Esta semana, Luis Chávez, un amigo y poeta que vive en Costa Rica, escribió en un grupo de wasap que tenemos preguntando si recordábamos un poema de Jorge Aulicino del que él no tenía el título ni sabía en qué libro estaba. Sólo, decía, que era sobre unos motociclistas y que, en el final del poema, alguien decía esta frase: “De lo que no podemos hablar, no hablamos”. “¿Existe este poema?”, preguntaba Cháves. “O los soñé , lo inventé”. Cuando uno lee o escucha un poema, después ese poema se bambolea en nuestra mente como un equipaje en un micro, y lo modificamos de acuerdo a nuestra subjetividad, lo hacemos propio. ¿Por qué estaría Cháves pensando en ese poema? ¿Qué cosa de su vida cotidiana le hizo recordar a esos motociclistas? Pedro Mairal dio con el poema y lo subió al wasap.

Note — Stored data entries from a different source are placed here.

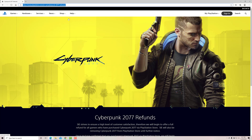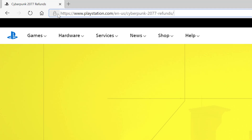Whether it is a digital copy, how to apply for refund. In order to get the refund for Cyberpunk 2077, if you are not happy with that, go to this URL. I will be sharing this link in the description. So, playstation.com slash cyberpunk 2077 refunds.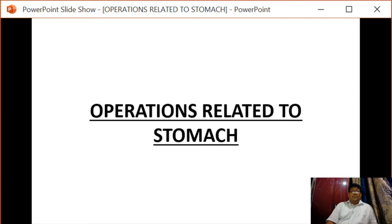Hello everyone, today we will discuss operations related to the stomach and its complications.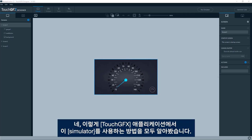Okay, that was all for me on how to use the simulator in TouchGFX applications.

Qué regalo hermoso en medio de una noche de luna cálida, poder leer un poema de Jorge Aulicino. El poema está en un libro que se llama La línea del Coyote. Y tratando de volverme invisible, es un poema donde un narrador ve en una pareja de motociclistas que paran en un recreo –o un camping- todo lo que ellos –conjetura el observador del poema- no vieron. Puede ser un poema sobre la juventud perdida, el deseo dionisíaco de viajar, puede ser un poema sobre el mal. Como es un gran poema, soporta múltiples lecturas. Ahí va: “Aquellos que se acariciaban bruscamente/ sobre la mesa del recreo junto al río./ Habían llegado en un una vieja moto, era fácil confundirlos con el mal./ Pero no eran el mal por lo que aparentaban/ con las camperas raídas y el amor a la nafta/ en combustión y a los ruidos profundos de la máquina./ Si atravesaron la provincia en moto, cualquiera hubiese apostado/ que no se habían extasiado/ni intentado hacerlo con el vuelo de las garzas/ a las orillas de la ruta,/ni con la vida del pantano,/ ni con el movimiento del pasto bajo el viento./ Del mismo modo, tampoco los arroyos químicos/ los inquietaron o modificaron,/ ni la basura en el bosque, ni los neumáticos junto a los arroyos./ Esos ángeles insensibles partieron la naturaleza/ por el asfalto. Fueron perfectamente equilibrados/ sustentándose en su propia velocidad/ y en la vida de sus cuerpos. /Y con lo que no habla no hablaron”.